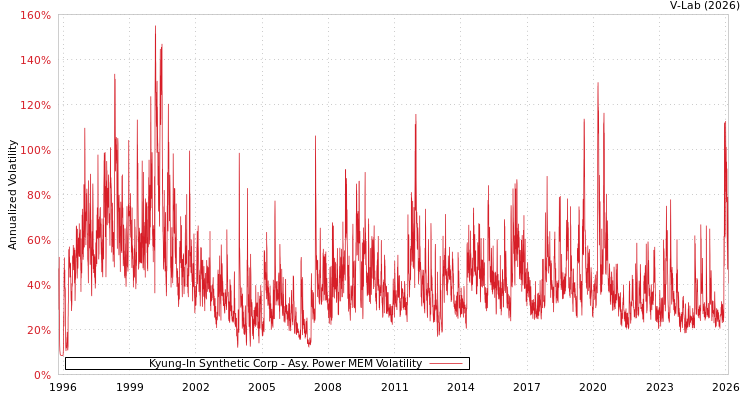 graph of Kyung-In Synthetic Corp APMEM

----

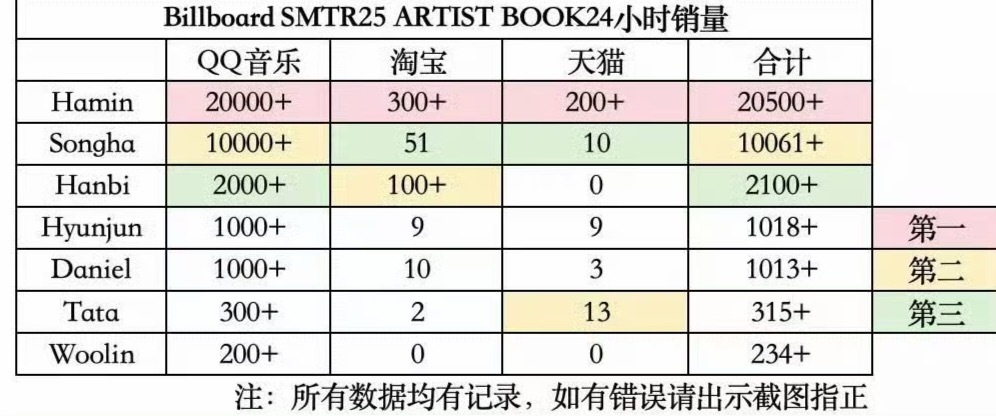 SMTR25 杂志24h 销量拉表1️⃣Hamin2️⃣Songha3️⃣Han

----

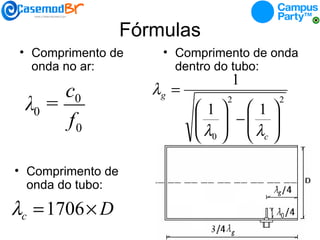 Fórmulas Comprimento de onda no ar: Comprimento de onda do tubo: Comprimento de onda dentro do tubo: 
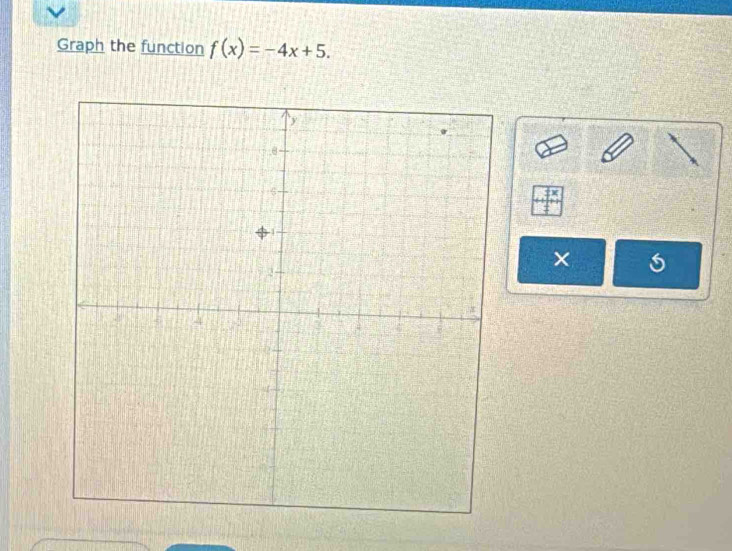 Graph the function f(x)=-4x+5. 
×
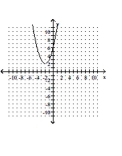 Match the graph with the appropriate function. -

----

Copy out exactly the material that runs from the line with "Graph the function f(x)=-4x+5." to the line with "Match the graph", ends included, and leave the pictures behind.

TASK RESPONSE:
 Graph the function f(x)=-4x+5. 
×
 Match the graph with the appropriate function. -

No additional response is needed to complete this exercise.